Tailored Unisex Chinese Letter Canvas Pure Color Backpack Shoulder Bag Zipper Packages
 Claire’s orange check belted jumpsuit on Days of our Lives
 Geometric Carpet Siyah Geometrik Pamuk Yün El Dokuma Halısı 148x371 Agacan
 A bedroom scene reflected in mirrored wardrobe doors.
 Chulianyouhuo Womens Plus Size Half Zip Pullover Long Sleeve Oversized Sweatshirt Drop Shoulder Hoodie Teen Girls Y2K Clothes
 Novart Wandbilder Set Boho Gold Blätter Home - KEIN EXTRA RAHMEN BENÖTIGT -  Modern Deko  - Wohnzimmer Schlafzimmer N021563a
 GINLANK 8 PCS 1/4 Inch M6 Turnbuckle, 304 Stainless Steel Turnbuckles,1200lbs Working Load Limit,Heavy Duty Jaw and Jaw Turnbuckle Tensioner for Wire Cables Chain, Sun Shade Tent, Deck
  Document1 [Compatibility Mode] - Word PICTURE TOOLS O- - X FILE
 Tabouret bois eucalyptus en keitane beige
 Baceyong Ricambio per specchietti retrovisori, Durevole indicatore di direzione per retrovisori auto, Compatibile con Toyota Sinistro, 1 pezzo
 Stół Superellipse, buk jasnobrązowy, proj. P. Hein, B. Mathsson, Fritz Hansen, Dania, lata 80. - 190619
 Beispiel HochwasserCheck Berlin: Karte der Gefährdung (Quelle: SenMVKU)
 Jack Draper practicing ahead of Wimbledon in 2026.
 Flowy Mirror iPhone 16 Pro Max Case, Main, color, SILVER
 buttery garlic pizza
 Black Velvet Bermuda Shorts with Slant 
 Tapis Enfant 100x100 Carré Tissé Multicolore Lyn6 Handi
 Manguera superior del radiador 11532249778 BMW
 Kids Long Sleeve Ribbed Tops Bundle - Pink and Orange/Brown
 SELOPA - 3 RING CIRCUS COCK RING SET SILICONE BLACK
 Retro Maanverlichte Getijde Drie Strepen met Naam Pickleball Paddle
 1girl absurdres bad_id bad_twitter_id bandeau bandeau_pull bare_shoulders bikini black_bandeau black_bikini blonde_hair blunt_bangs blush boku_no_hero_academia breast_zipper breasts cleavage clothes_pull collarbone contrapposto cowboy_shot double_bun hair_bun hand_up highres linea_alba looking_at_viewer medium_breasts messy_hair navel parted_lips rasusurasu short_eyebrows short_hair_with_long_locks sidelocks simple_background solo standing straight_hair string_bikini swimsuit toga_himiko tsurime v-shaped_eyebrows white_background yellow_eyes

________

Task requirements:
Go through the data and copy each line exactly as it was written.

Task result:
Tailored Unisex Chinese Letter Canvas Pure Color Backpack Shoulder Bag Zipper Packages
 Claire’s orange check belted jumpsuit on Days of our Lives
 Geometric Carpet Siyah Geometrik Pamuk Yün El Dokuma Halısı 148x371 Agacan
 A bedroom scene reflected in mirrored wardrobe doors.
 Chulianyouhuo Womens Plus Size Half Zip Pullover Long Sleeve Oversized Sweatshirt Drop Shoulder Hoodie Teen Girls Y2K Clothes
 Novart Wandbilder Set Boho Gold Blätter Home - KEIN EXTRA RAHMEN BENÖTIGT -  Modern Deko  - Wohnzimmer Schlafzimmer N021563a
 GINLANK 8 PCS 1/4 Inch M6 Turnbuckle, 304 Stainless Steel Turnbuckles,1200lbs Working Load Limit,Heavy Duty Jaw and Jaw Turnbuckle Tensioner for Wire Cables Chain, Sun Shade Tent, Deck
  Document1 [Compatibility Mode] - Word PICTURE TOOLS O- - X FILE
 Tabouret bois eucalyptus en keitane beige
 Baceyong Ricambio per specchietti retrovisori, Durevole indicatore di direzione per retrovisori auto, Compatibile con Toyota Sinistro, 1 pezzo
 Stół Superellipse, buk jasnobrązowy, proj. P. Hein, B. Mathsson, Fritz Hansen, Dania, lata 80. - 190619
 Beispiel HochwasserCheck Berlin: Karte der Gefährdung (Quelle: SenMVKU)
 Jack Draper practicing ahead of Wimbledon in 2026.
 Flowy Mirror iPhone 16 Pro Max Case, Main, color, SILVER
 buttery garlic pizza
 Black Velvet Bermuda Shorts with Slant 
 Tapis Enfant 100x100 Carré Tissé Multicolore Lyn6 Handi
 Manguera superior del radiador 11532249778 BMW
 Kids Long Sleeve Ribbed Tops Bundle - Pink and Orange/Brown
 SELOPA - 3 RING CIRCUS COCK RING SET SILICONE BLACK
 Retro Maanverlichte Getijde Drie Strepen met Naam Pickleball Paddle
 1girl absurdres bad_id bad_twitter_id bandeau bandeau_pull bare_shoulders bikini black_bandeau black_bikini blonde_hair blunt_bangs blush boku_no_hero_academia breast_zipper breasts cleavage clothes_pull collarbone contrapposto cowboy_shot double_bun hair_bun hand_up highres linea_alba looking_at_viewer medium_breasts messy_hair navel parted_lips rasusurasu short_eyebrows short_hair_with_long_locks sidelocks simple_background solo standing straight_hair string_bikini swimsuit toga_himiko tsurime v-shaped_eyebrows white_background yellow_eyes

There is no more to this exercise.